The connection $\nabla^{(1)}$ and the connection $\d$ are compatible with the Zamolodchikov
metric, used in the definition of the sewing operation.
However, as a consequence of
the analytical regularization method all the connections $\nabla^{(R)}$ (and $\d$) 
commute with the
sewing operation for all values of $R$. Hence the connections generate
(infinitesimal) conformal field theory deformations. This will be explained 
in section 9.
Before we can do this we have to discuss the deformations of the 
Virasoro algebra and the
integrability of the marginal operators 
and demonstrate how higher powers of $\nabla^{(R)}$ 
generate regular finite conformal field theory deformations. This is done in section 
7 and 8.
This means that a finite space of string backgrounds can be represented in the state space
of a fixed background. 
This result supports the results on background invariance of string 
field theory referred to above.

The connections $\nabla^{(R)}$ and $\d$ are 
flat on the full state space of the conformal field
theories, so the finite parallel transport is path independent, while their
restrictions to the physical subspace acquire induced curvature
but no torsion (the induced curvature vanishes for 
$\d$).  Whether or not the connections has any meaning as local restrictions
of globally defined objects on a ``CFT-manifold'' is not clear to us. 
Of course the connection $\d$ seem to be too simple, while for
$R>0$ the connections at least possess some non-trivial geometrical structure
on the physical subspace.






\section{The Operator Formalism}

In this section we will state some of the basic properties of the operator 
formalism \cite{Vafa}.
Properties that will be frequently used in the remainder of this paper.

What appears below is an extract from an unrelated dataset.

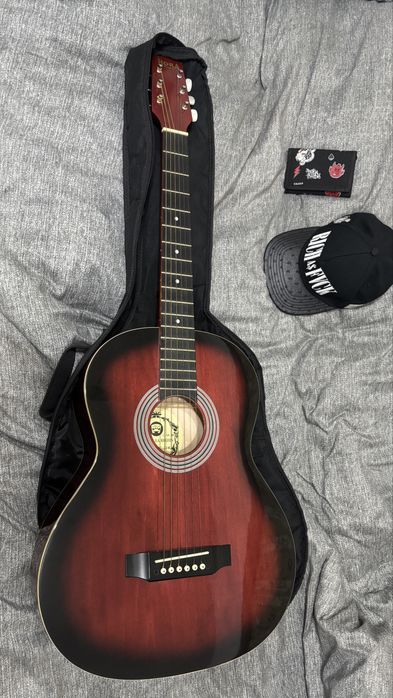 Chitara Acustica + Husa(Hora)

In the operator formalism the CFT takes an arbitrary compact genus g 
Riemann surface
$\S$ and maps it onto a surface state $\bra{\S^{[g,N]} :(P_{1},z_{1}),\ldots ,
(P_{N},z_{N})}{1,\ldots,N}{}$,
where N is the number of punctures and g the genus of the surface and the 
$(P_{i},z_{i})$:s are the punctures and local coordinates. To each local 
coordinate we 
associate a surface $\O_{i}$; $\O_{i}\subset{\bf C}\cup\{\infty\}$. The surfaces 
$\O_{i}$ are chosen such that
, when mapped to
the abstract Riemann surface, they cut out a disjoint set of regions which cover 
the Riemann
surface.   

The surface state is thus a 
tensor
${\cal T}^{(N,0)}\equiv\bigotimes^{N}{\cal H}^{*}$, where $\cal H^{*}$ is the 
dual of  
the state space $\cal H$ of the local CFT. The correlation functions on the 
Riemann 
surface $\S$ is then accomplish by saturating the tensor as:
\eq{\big{<}\F_{1}\ldots\F_{N}\big{>}_{\S}=\bra{\S^{[g,N]} :(P_{1},z_{1}),\ldots ,
(P_{N},z_{N})}
{1,\ldots,N}{}\ket{\F_{1}}{1}{}\ldots\ket{\F_{N}}{N}{}\eqn{OF1}}

A surface state of particular importance is the reflector,
\eq{\bra{R}{12}{}\equiv\bra{{\bf P}^{1}:({z_{1}},z_{2}=\frac{1}{z_{1}})}{}{}
\eqn{reflector}}
where ${\bf P}^{1}\equiv{\bf C}\cup\{\infty\}$, {\it i.e.} $\bra{R}{12}{}$ is a sphere 
with two
punctures. It is used in
the sewing of two surface states
\eq{\bra{\S\infty\S'}{1...N,N+1...N+M}{}=
\bra{\S\cup(P_{i},z^{(i)})} {1...N,i}{}
\bra{\S'\cup(P_{j},z^{(j)})} {N+1...N+M,j}{}\ket{R}{ij}{}\eqn{sewing}}
and it reflects the external states
\eq{\bra{\F_{i}}{1}{}\ket{R}{12}{}=\ket{\F_{i}}{2}{}\eqn{reflection}} 

One of the major properties of the surface states are the overlap conditions:     

\eq{\bra{\S^{[g,N]} :(P_{1},z_{1}),\ldots ,(P_{N},z_{N})}{1,\ldots,N}{}(\F^{(i)}(z_{i})
dz_{i}^{\D_{\F}}-\F^{(j)}(z_{j})dz_{j}^{\D_{\F}})=0\eqn{overlap}}
where $\D_{\F}$ is the conformal weight of the field $\F$. The overlap conditions imply
that the surface states are indeed realizations of the abstract Riemann surfaces. 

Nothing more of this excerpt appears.